The Company uses an income approach, a market approach or a combination of these approaches to estimate the fair value of the Foundation RNCI. The income approach is used to determine the fair value of the Foundation RNCI using a discounted cash flow method, projecting future cash flows of the business, as well as a terminal value, and discounting such cash flows at a rate of return that reflects the relative risk of the cash flows. For the market approach the Company uses a selected multiple based on comparable companies multiplied by the forecasted cash flows. The key estimates and factors used in this approach include, but are not limited to, revenue growth rates and profit margins based on our internal forecasts and the entity specific weighted-average cost of capital used to discount future cash flows.

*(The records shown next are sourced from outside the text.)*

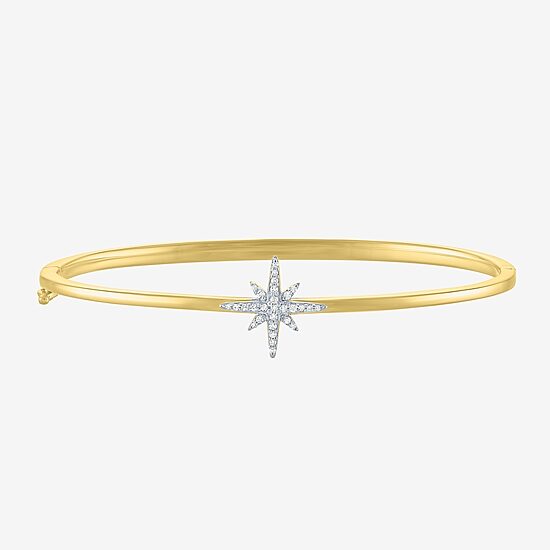Diamond Addiction (G-H / I1-I2) North Star Womens 1/10 CT. T.W. Lab Grown White Diamond 14K Gold Over Silver Sterling Silver Star Bangle Bracelet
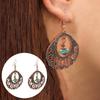 Bohemian Vintage Turquoise Pendant Earrings Women Hollow Earrings Retro National Style Pendant Jewelry Gifts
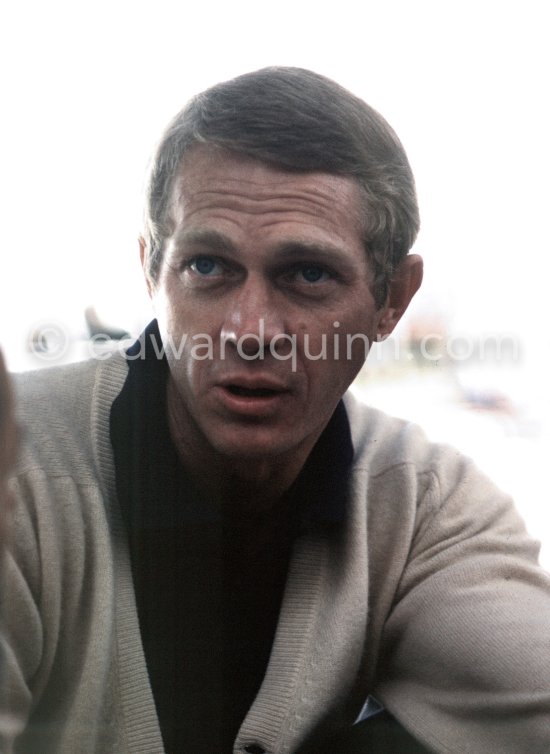 Steve McQueen in Monaco to prepare the (never produced) movie "Day of the champion". Monaco Grand Prix 1965. - Photo by Edward Quinn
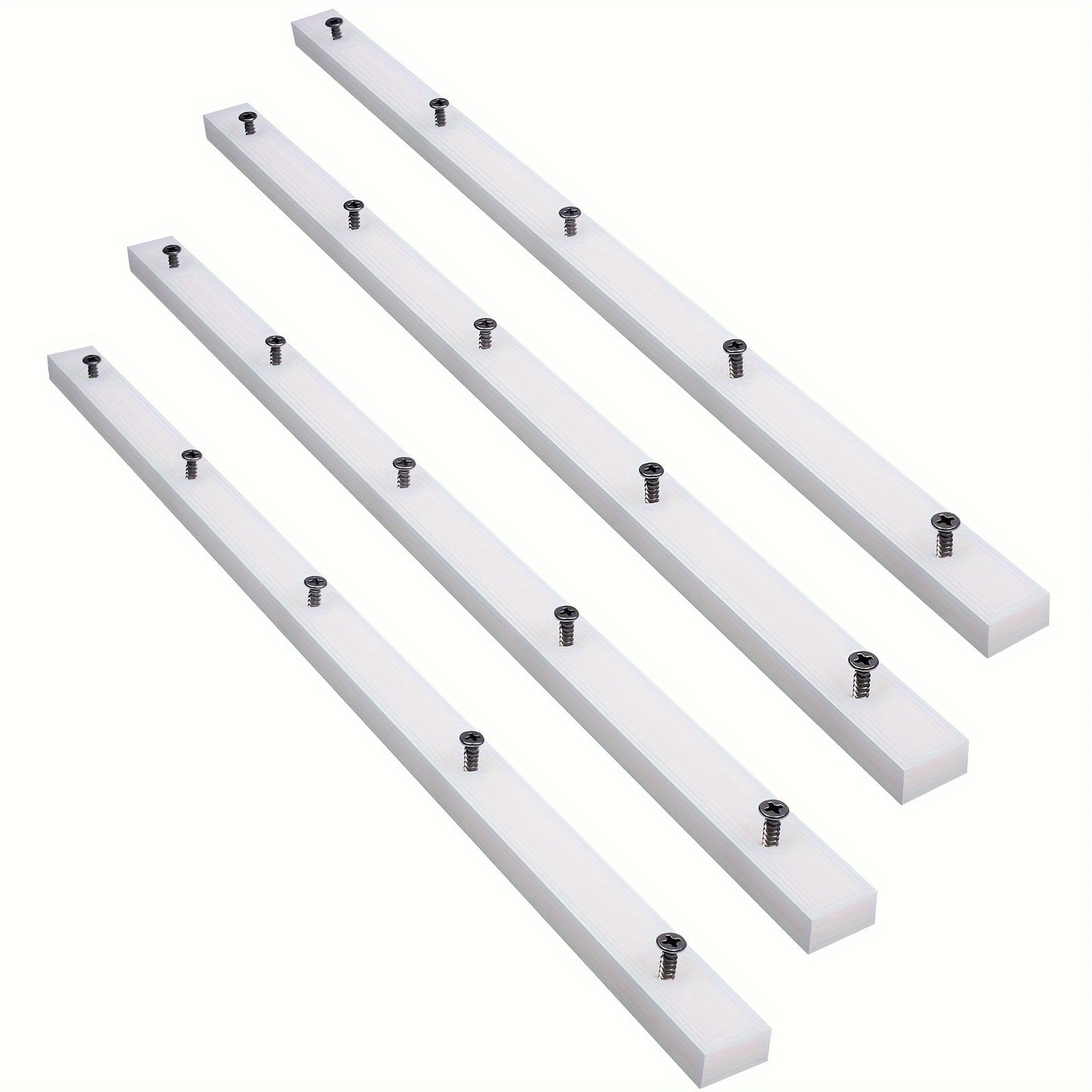 UHMW Miter Bar for Table Saw Crosscut Sled – 3/4" x 3/8" x 17" Predrilled T-Slot Track with 10 Screws for Jigs Fixtures & Miter Slots, Smooth Low-Friction Glide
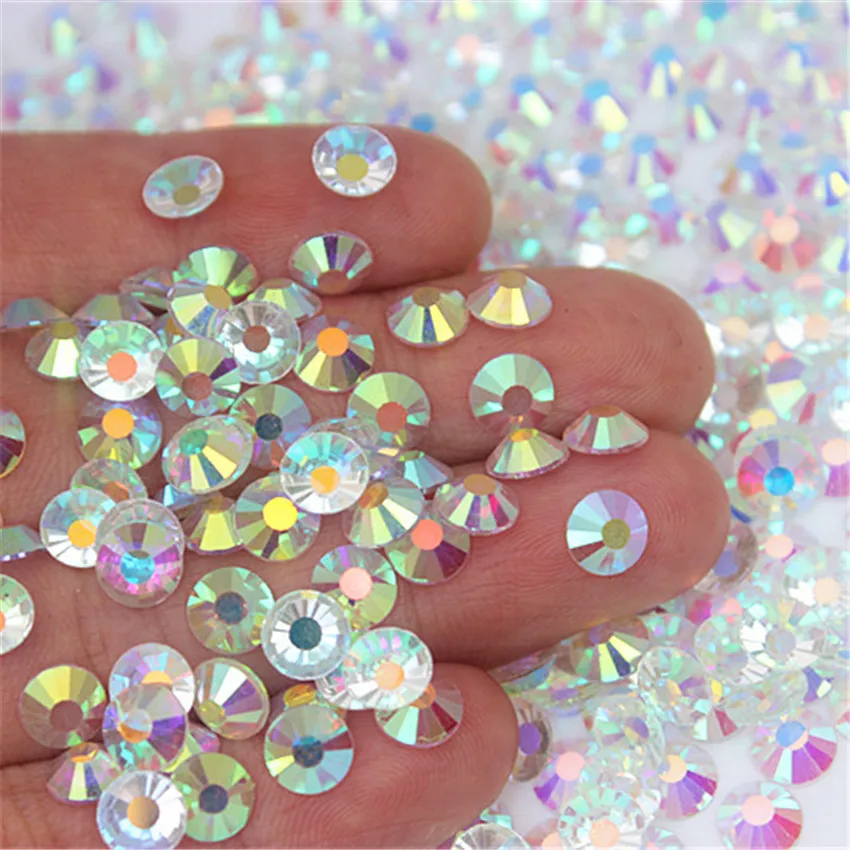 

Cong Shao Mix Sizes Transparent Stone SS6-SS20 Glass Gem Clear AB 3D Nail Rhinestones,1440Pcs Flat Back Non Hotfix Crystal 8Y66G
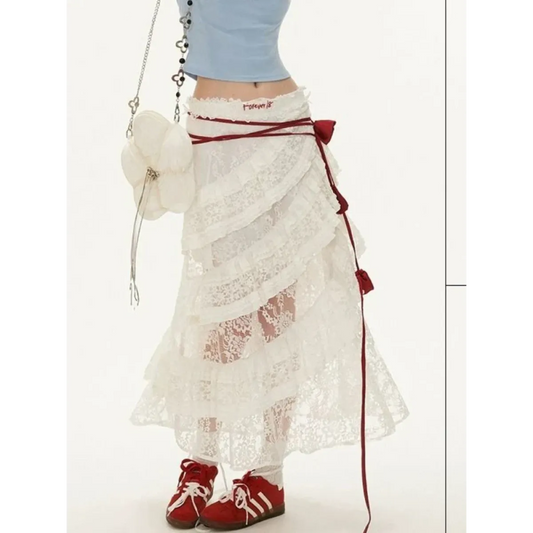Fairycore Lace Ruffle Long Skirt - Bottoms - Skirts - 2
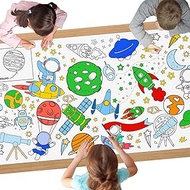 Outer Space Coloring Tablecloth, DIY Kids Party Tablecloth, Giant Colouring Poster Table Cloth for K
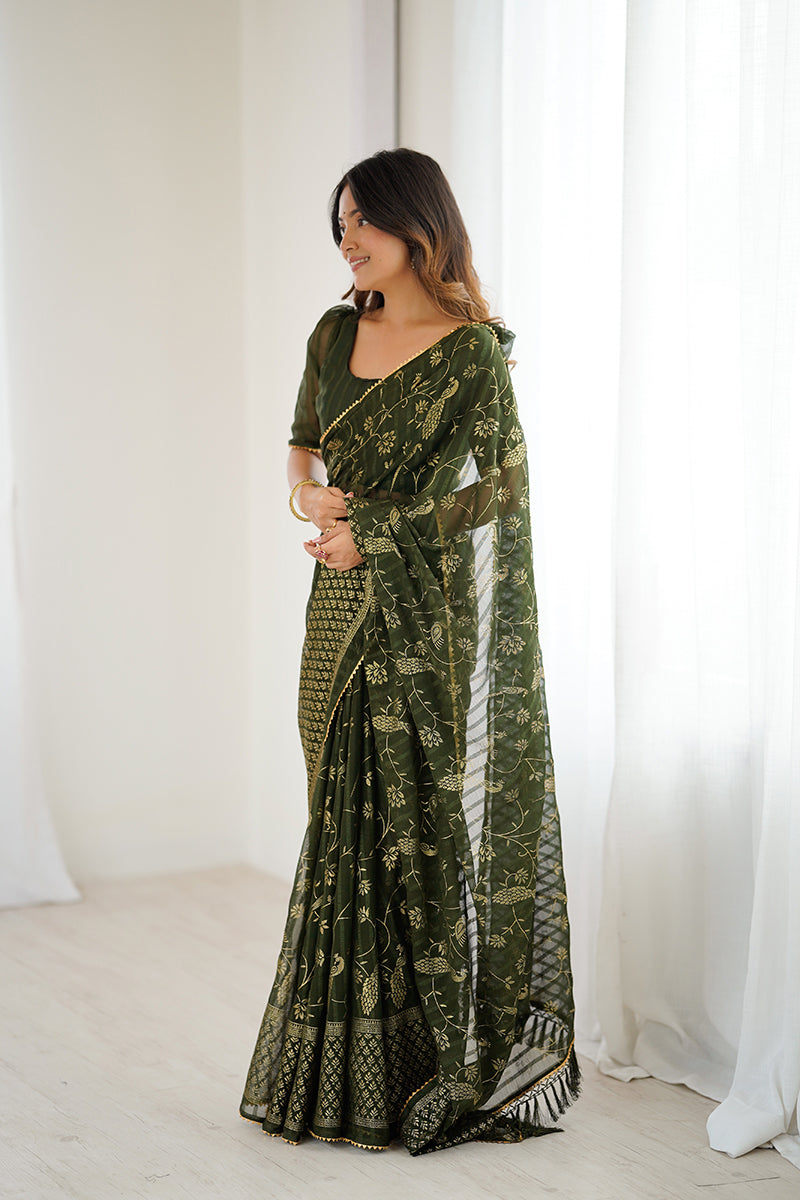 Mehendi Green Foil Printed Gharchola Georgette Saree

Subsidiary in the Middle East
As of July 1, 2017, the amended shareholders’ agreement relating to the Company’s subsidiary in the Middle East (“Middle East Subsidiary”) reduced the percentage of the noncontrolling interest holder’s share to 25% in exchange for Coty contributing the brands acquired as part of the P&G Beauty Business acquisition to the subsidiary’s portfolio of brands. This resulted in a dilution of the RNCI that resulted in a decrease of the RNCI and an increase of APIC of $17.0. The Company has the ability to exercise the Call right for the remaining noncontrolling interest of 25% on December 31, 2028, with such transaction to close on December 31, 2029. In addition to the Call right feature, the noncontrolling interest holder has the right to sell the noncontrolling interest to the Company on December 31, 2028, with such transaction to close on December 31, 2029 (a “Put right”). The amount at which the Put right and Call right can be exercised is based on a formula prescribed by the amended shareholders’ agreement as summarized in the table below, multiplied by the noncontrolling interest holder’s percentage interest in the Middle East Subsidiary. Given the provision of the Put right, the entire noncontrolling interest is redeemable outside of the Company’s control and is recorded in the Consolidated Balance Sheets at the estimated redemption value. The Company adjusts the redeemable noncontrolling interest to the redemption values at the end of each reporting period with changes recognized as adjustments to APIC. The Company recognized $63.6 and $70.2 as the redeemable noncontrolling interest balances as of June 30, 2018 and 2017, respectively.
 
Middle East
Percentage of redeemable noncontrolling interest
25.0% (a)
Earliest exercise date(s)
December 2028 (b)
Formula of redemption value
3-year average of EBIT (c) * 6
 
 

(a) Upon the effective date of the amendment (July 1, 2017), the parties will be entitled to call or put the remaining interest in July 2028. The Put right and Call right will be exercised in respect of the noncontrolling interest holder’s percentage of shares of the Middle East subsidiary at the time of the exercise.
(b) Upon the effective date of the amendment (July 1, 2017), the parties will be entitled to call or put the noncontrolling interest holder’s percentage of shares of the subsidiary in December 2028.
(c) EBIT is defined in the amended shareholders’ agreement as the consolidated net earnings before interest and income tax.